TASK DESCRIPTION: Where a picture appears, skip it and copy everything else in the listing exactly.

SUPPLIED MATERIAL:

____

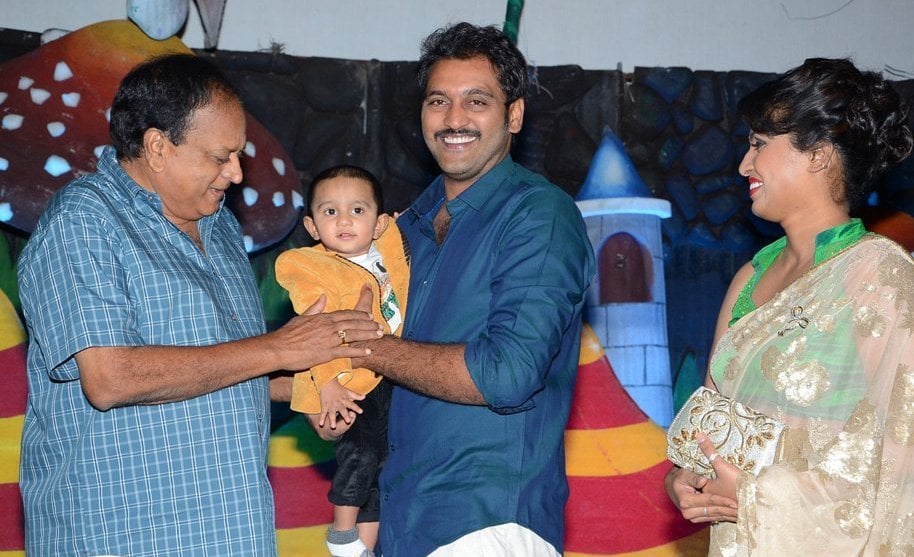 Ajay Son Dheeran 1st Birthday Celebrations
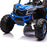 Go Skitz Go Skitz Wave 200 Kids 12V E-Buggy Kids Ride On - Blue GS8610029-2BR-BLU
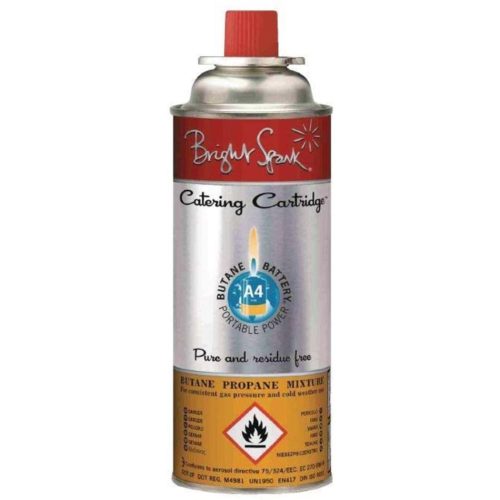 Gasfles Koksbrander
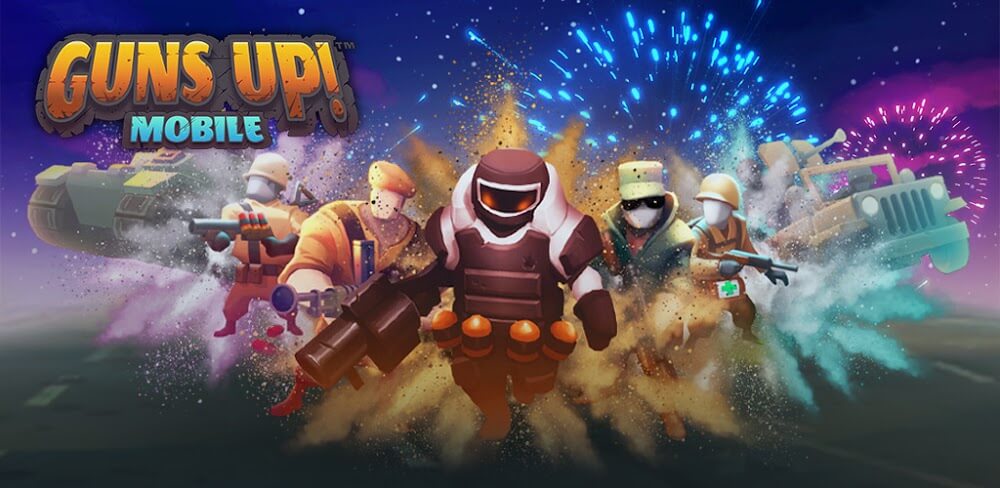 GUNS UP v1.41.6 MOD APK (DMG, Defense Multiple)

____

OUTPUT:
 Ajay Son Dheeran 1st Birthday Celebrations
 Go Skitz Go Skitz Wave 200 Kids 12V E-Buggy Kids Ride On - Blue GS8610029-2BR-BLU
 Gasfles Koksbrander
 GUNS UP v1.41.6 MOD APK (DMG, Defense Multiple)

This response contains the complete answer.